Blue/Green Methodology with DSC

Looking for input on the following approach when it comes to implementing DSC within a large organization.

I’m planning on installing 2 Pull servers named Green and Blue.

So if we are running under ‘Green’, all servers are pulling their info from the Green pull server.

When it comes to rolling changes forward, it will be done by getting the new config data/files on the Blue server and then pushing the change out to the herd and changing the ‘active’ pull server to Blue.

So my back-out plan using this method, if an issue is found in the Blue config, would be to re-configure the LCM on Blue nodes to pull from Green.

Both servers will be under source control, with all changes / publishing / etc being handled via automation.

I’m planning on using SQL Server ( DSC Pull servers on Windows Server 2019 ) so I can easily query what nodes are pulling from each server.

Some benefits I see of this approach:

  1. Provides a way to slowly deploy changes that affect a large number of nodes.
  2. Provides a means to quickly back-out changes made and go back to a last known good config

Anyone ever build something like this, or have comments / suggestions?

thanks,
mike j

What you need to be careful with this approach is reversing any changes. EG if your config is to ensure a folder and file exists in Green. You then add a setting in Blue for adding in a windows feature of ensuring smb1 is not present and push this out. All nodes pointing to Blue would then have SMB1 not present. But if you then notice this breaks something then switching back to green would not make any changes as the config there is only to ensure a folder and file exists.

The better way is to have a UAT environment (if you can) to test these changes there then roll out ot production to a small amount of servers and if still okay there then to all.

I understand what you’re saying, but I think that it applies in all scenarios when it comes to DSC.

The key to backing out changes caused by DSC is to ensure you never need to do it, because it is not black and white.

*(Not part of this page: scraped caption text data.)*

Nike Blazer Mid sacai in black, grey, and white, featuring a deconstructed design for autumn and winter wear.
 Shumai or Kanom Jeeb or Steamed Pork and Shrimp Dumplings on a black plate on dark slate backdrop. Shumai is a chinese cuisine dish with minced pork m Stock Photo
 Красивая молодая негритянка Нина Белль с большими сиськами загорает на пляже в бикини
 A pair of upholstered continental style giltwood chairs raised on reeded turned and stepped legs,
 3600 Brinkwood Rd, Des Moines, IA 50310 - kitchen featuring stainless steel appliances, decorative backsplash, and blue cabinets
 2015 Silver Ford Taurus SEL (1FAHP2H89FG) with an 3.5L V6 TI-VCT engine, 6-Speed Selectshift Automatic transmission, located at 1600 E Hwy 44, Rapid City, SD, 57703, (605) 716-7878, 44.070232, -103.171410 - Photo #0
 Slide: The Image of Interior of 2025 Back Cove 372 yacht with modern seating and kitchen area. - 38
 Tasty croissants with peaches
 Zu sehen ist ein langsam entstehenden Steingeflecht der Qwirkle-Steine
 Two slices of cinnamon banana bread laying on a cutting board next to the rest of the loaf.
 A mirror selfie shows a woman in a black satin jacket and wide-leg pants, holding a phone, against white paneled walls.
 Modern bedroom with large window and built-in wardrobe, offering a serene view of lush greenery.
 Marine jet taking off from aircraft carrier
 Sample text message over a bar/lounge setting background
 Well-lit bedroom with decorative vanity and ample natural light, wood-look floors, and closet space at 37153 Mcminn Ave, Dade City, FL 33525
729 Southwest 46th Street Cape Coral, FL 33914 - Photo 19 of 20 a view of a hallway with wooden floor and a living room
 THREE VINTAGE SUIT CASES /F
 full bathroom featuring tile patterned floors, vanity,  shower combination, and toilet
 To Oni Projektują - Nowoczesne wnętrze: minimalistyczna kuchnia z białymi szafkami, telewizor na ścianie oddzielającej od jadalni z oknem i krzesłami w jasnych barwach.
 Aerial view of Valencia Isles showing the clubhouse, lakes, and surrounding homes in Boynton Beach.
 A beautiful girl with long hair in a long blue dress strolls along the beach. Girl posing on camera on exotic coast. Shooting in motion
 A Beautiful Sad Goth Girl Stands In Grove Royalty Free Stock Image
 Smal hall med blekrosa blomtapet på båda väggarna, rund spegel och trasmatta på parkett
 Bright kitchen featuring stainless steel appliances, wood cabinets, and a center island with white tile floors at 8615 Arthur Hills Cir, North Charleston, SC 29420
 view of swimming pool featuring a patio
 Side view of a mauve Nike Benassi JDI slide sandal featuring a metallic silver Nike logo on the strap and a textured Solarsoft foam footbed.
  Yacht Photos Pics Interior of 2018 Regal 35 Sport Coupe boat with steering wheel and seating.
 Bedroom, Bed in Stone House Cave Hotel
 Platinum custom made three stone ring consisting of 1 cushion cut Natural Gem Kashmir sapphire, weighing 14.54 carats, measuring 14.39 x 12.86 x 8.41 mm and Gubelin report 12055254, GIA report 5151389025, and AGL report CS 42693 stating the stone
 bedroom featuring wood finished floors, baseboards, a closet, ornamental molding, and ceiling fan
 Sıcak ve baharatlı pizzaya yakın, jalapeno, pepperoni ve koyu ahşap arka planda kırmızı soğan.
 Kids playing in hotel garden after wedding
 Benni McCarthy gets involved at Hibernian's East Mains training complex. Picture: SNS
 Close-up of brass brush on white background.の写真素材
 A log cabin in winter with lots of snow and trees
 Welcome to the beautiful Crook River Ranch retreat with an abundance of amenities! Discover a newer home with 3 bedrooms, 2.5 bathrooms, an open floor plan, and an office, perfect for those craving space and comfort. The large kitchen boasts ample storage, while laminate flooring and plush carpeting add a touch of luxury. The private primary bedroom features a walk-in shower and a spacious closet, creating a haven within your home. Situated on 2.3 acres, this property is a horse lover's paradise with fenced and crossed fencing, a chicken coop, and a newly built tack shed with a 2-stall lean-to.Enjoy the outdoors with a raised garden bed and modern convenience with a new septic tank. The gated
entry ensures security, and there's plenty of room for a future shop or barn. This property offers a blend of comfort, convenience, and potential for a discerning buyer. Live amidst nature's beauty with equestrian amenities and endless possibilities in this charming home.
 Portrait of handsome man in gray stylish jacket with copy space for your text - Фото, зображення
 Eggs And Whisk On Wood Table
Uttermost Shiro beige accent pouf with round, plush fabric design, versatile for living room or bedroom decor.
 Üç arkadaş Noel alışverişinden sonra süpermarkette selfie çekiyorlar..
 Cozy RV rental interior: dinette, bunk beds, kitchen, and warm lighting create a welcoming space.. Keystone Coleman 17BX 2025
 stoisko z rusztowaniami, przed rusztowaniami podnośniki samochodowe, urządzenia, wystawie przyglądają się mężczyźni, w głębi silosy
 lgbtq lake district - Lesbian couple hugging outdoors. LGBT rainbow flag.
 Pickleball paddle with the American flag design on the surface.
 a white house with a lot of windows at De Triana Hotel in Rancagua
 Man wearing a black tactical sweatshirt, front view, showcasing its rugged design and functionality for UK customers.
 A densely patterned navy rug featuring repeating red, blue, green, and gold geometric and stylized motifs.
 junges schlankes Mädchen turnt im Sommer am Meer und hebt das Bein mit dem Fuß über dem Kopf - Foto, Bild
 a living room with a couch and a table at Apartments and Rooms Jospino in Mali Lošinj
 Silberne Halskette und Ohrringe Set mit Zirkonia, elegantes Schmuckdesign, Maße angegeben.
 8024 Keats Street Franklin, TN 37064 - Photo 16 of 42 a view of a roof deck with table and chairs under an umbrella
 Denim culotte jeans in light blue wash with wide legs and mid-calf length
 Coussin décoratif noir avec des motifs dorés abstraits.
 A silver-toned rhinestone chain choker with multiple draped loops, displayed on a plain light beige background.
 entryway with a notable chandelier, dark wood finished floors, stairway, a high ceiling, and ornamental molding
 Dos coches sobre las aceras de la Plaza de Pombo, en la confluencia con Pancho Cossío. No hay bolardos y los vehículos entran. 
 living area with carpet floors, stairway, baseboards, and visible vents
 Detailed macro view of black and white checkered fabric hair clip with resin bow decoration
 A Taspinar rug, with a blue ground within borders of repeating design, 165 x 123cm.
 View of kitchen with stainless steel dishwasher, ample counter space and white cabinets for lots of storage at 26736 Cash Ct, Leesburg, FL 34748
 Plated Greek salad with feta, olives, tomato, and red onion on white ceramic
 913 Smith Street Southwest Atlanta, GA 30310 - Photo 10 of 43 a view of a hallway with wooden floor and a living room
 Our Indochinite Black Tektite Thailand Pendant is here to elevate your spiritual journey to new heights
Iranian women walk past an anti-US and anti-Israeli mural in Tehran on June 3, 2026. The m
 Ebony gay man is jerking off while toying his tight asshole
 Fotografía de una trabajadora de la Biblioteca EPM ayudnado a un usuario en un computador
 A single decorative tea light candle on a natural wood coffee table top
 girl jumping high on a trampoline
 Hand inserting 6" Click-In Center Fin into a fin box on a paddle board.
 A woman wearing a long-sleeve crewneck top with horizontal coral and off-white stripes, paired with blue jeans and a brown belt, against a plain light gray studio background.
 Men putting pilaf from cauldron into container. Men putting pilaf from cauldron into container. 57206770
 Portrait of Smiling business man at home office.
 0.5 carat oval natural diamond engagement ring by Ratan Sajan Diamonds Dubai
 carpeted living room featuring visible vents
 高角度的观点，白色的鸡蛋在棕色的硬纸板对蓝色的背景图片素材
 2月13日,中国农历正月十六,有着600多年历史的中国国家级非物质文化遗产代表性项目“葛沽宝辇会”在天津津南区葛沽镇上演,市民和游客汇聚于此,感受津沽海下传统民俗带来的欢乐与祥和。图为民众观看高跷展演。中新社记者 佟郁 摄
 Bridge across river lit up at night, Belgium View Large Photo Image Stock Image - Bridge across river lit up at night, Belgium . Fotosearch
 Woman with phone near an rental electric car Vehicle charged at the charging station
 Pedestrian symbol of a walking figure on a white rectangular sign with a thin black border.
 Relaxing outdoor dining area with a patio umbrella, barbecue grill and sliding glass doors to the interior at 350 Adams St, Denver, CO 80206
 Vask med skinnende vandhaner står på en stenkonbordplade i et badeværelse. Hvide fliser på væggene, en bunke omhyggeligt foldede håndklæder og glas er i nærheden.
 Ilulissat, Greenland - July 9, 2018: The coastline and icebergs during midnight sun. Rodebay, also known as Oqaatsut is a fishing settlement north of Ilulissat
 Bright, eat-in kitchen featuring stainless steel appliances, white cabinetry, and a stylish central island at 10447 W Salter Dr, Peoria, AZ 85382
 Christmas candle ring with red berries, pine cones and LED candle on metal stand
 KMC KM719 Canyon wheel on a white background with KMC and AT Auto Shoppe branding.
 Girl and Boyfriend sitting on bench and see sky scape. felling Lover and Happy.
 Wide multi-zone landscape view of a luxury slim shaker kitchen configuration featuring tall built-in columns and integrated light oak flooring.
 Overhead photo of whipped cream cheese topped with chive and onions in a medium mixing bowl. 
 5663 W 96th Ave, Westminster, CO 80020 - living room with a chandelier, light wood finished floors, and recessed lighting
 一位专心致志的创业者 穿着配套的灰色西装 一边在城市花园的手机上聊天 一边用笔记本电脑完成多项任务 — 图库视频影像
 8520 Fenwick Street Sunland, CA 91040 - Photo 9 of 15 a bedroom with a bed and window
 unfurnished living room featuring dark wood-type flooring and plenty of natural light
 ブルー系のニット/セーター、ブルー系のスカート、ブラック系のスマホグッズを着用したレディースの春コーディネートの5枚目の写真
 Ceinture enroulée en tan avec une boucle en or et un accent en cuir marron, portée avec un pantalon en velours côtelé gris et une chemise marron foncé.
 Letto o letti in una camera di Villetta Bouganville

As for UAT, I’ve got various levels of test available. I have approximately 2000 Windows servers that I plan on using DSC to manage ( getting away from GPOs ).

I’m interested to hear from anyone using DSC at scale how they manage change.

Do you have multiple pull servers ( Sandbox, Test, Prod )?

Do you use code to push changes through your release pipeline?

How do you manage policy changes that require a reboot? My business users get fussy when I tell them a server will reboot in some time window vs. telling them it will reboot exactly at 3:30AM and be unavailable for 10 minutes.

Hi Mike,

I think having different Pull server is not necessary here, as its role is only to serve the MOF it knows to be the current configuration over HTTP. What you want is just switching between MOF versions for a given node.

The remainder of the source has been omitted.